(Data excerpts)
────────────────────────────────────────

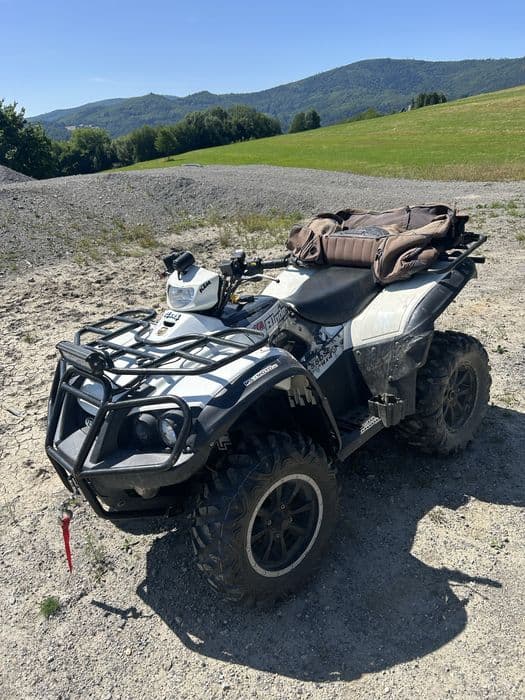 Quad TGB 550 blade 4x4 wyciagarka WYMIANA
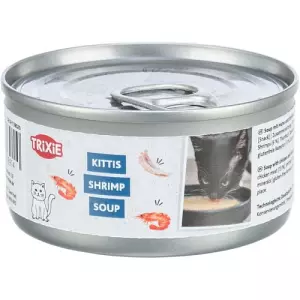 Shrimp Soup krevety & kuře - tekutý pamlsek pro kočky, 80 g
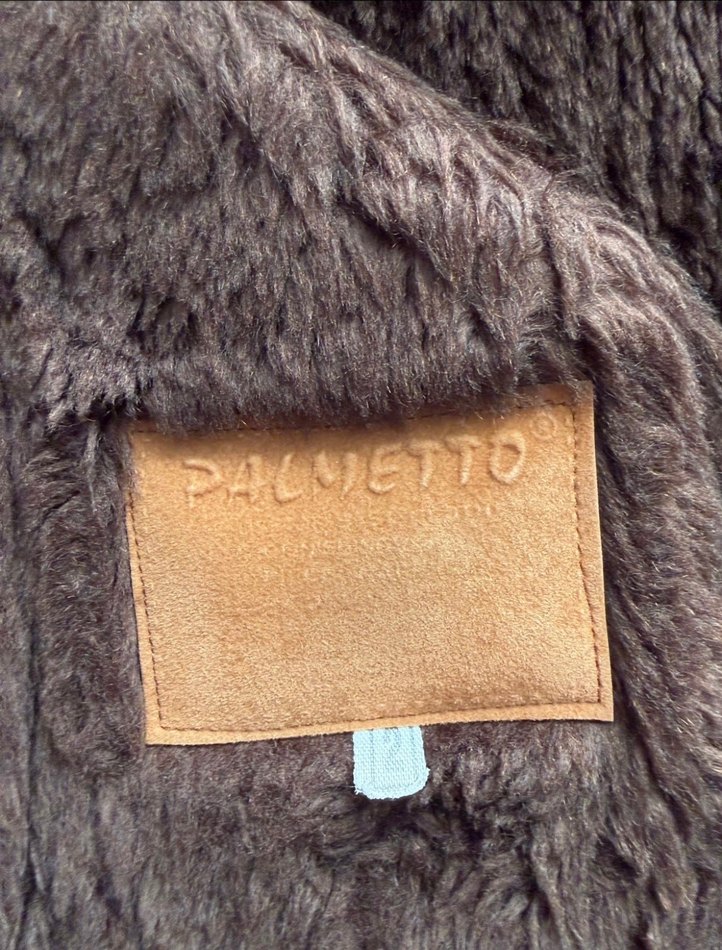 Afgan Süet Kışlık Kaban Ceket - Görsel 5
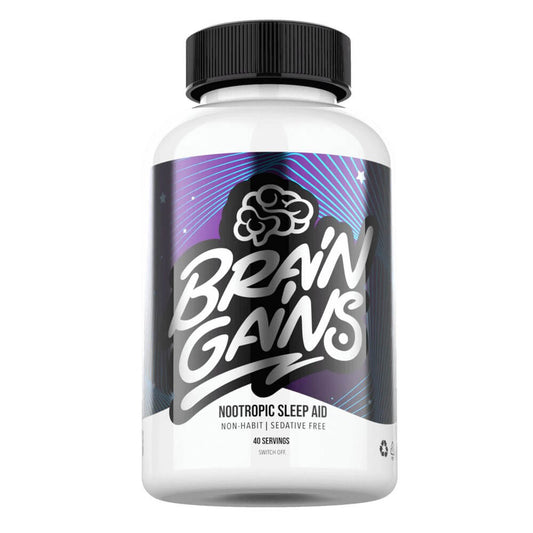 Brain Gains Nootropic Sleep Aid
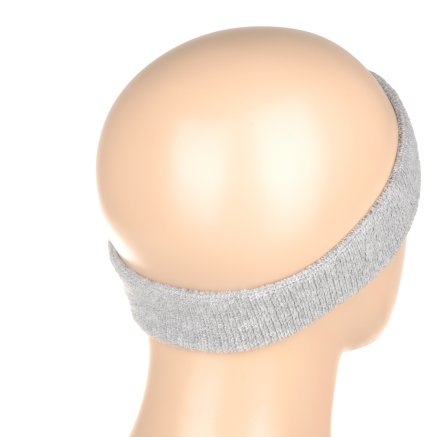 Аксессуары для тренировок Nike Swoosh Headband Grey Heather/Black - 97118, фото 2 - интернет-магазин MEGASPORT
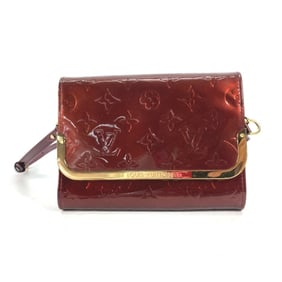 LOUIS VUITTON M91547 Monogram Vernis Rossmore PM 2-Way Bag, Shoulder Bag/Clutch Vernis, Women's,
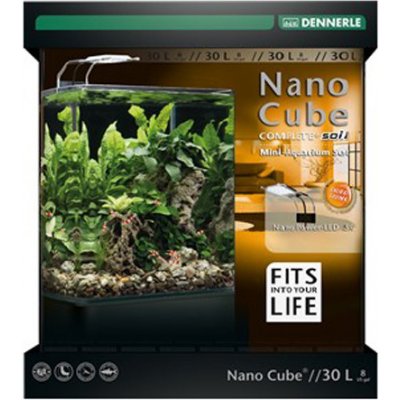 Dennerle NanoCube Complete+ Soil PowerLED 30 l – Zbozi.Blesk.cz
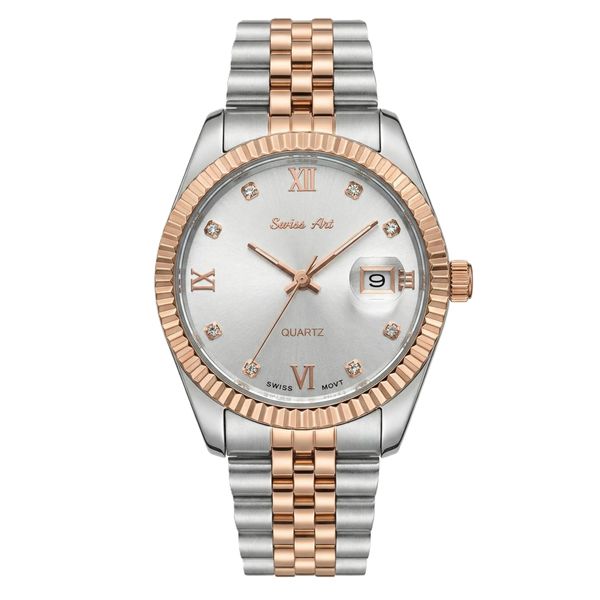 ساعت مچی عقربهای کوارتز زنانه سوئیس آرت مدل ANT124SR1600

────────────────────────────────────────

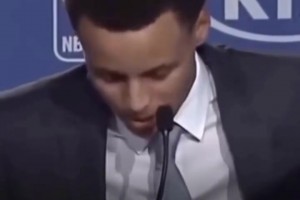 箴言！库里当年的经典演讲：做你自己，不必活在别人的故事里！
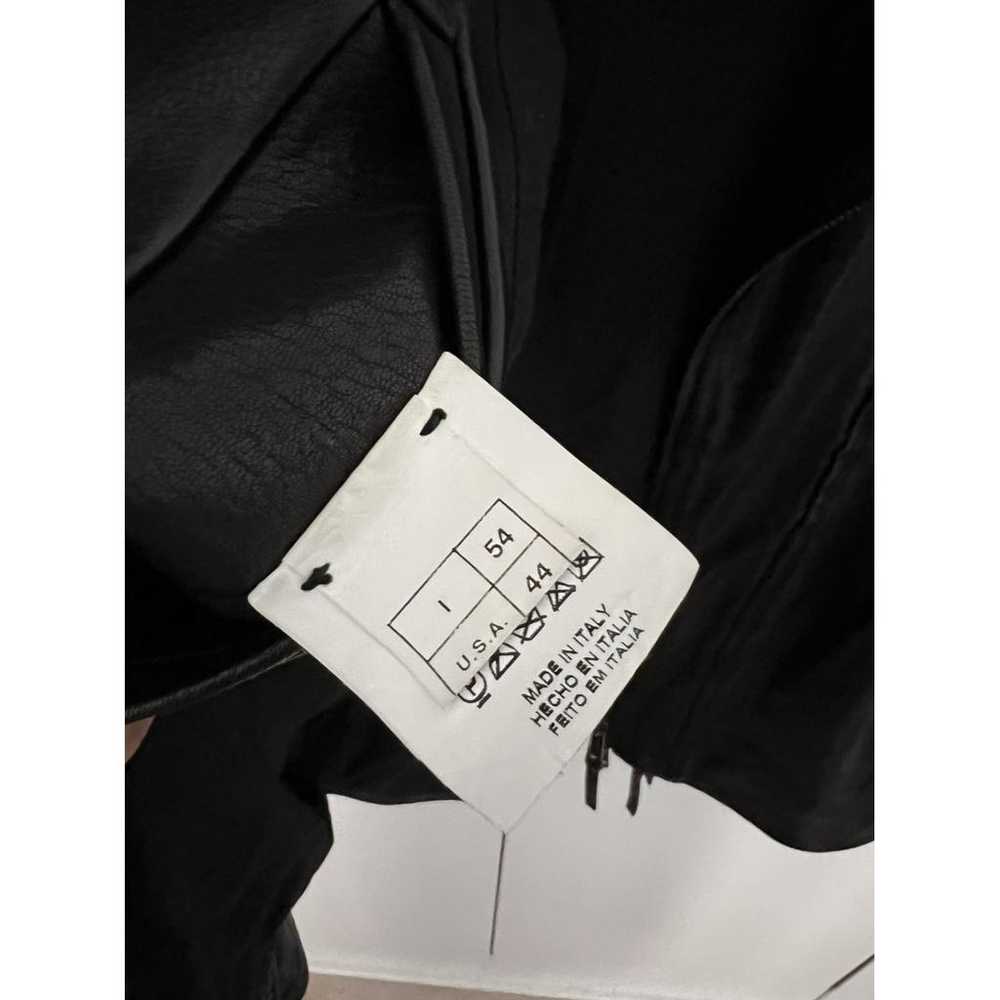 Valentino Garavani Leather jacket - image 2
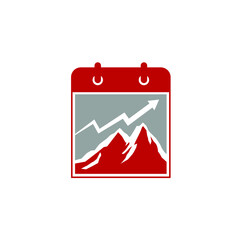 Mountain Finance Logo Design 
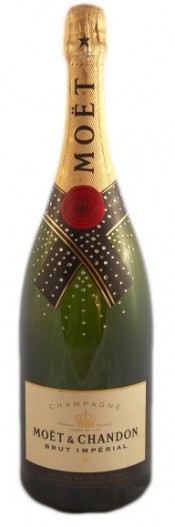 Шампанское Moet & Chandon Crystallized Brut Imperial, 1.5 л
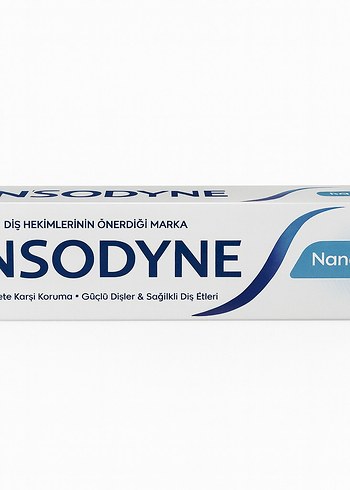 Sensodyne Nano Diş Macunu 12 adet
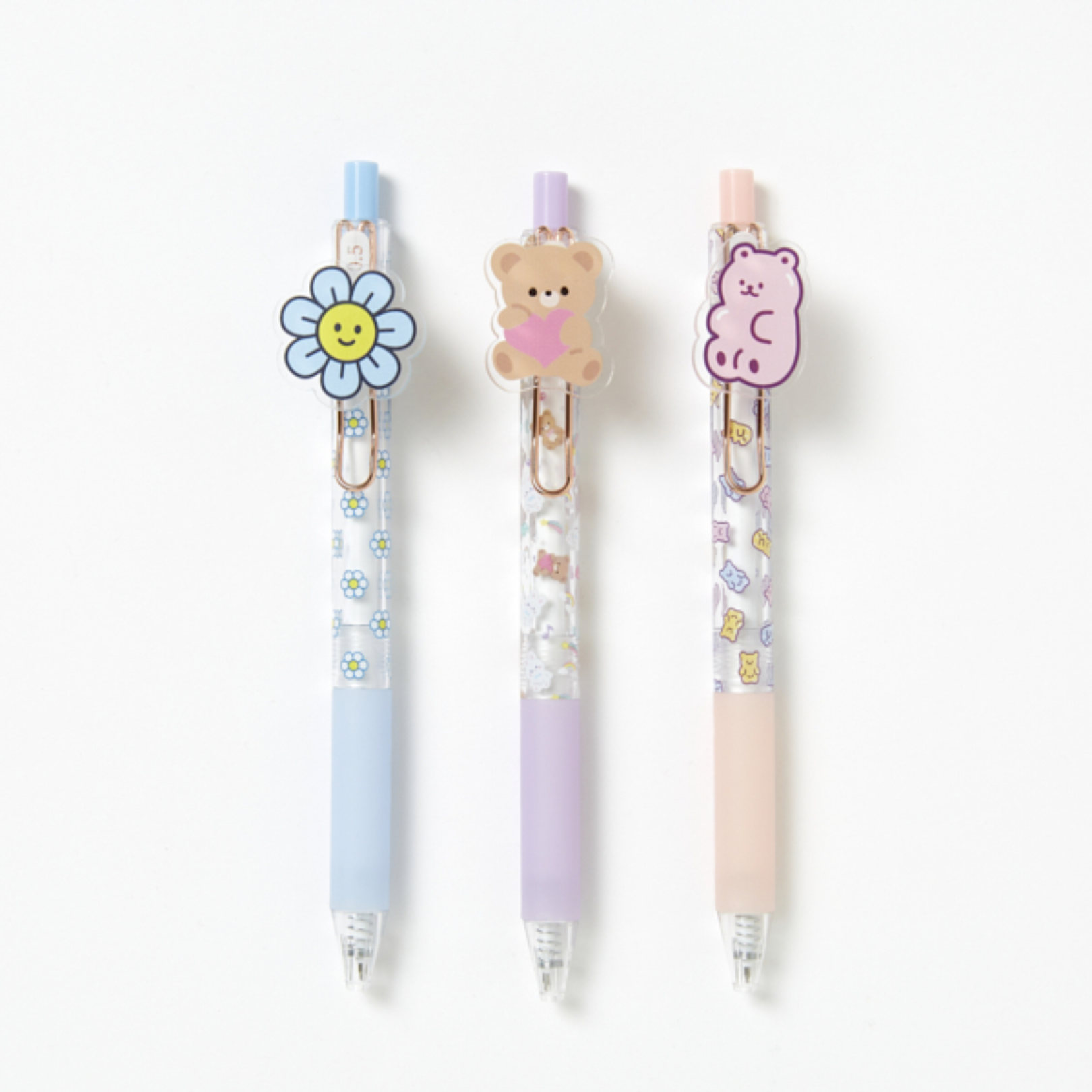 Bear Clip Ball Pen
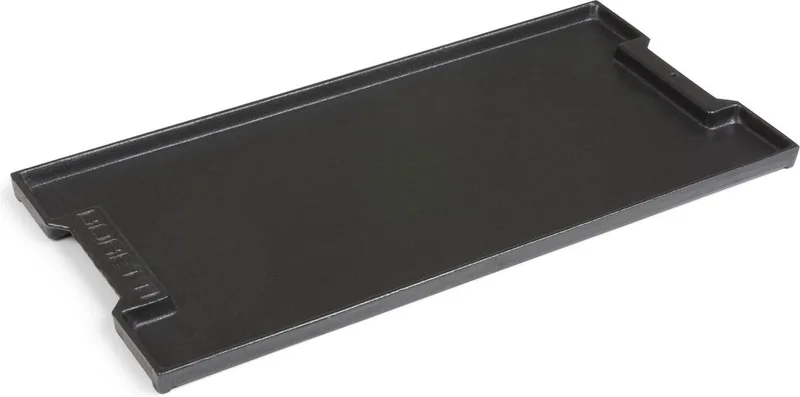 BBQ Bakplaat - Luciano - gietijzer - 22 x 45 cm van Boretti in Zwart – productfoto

────────────────────────────────────────

#### What you have to do:
Please copy out from the data above, without any picture, exactly the lines running from the one that holds "Brain Gains Nootropic Sleep Aid" through the one that holds "ساعت مچی عقربهای", and nothing beyond them.

#### Answer section:
 Brain Gains Nootropic Sleep Aid
 Аксессуары для тренировок Nike Swoosh Headband Grey Heather/Black - 97118, фото 2 - интернет-магазин MEGASPORT
 LOUIS VUITTON M91547 Monogram Vernis Rossmore PM 2-Way Bag, Shoulder Bag/Clutch Vernis, Women's,
 Dennerle NanoCube Complete+ Soil PowerLED 30 l – Zbozi.Blesk.cz
 ساعت مچی عقربهای کوارتز زنانه سوئیس آرت مدل ANT124SR1600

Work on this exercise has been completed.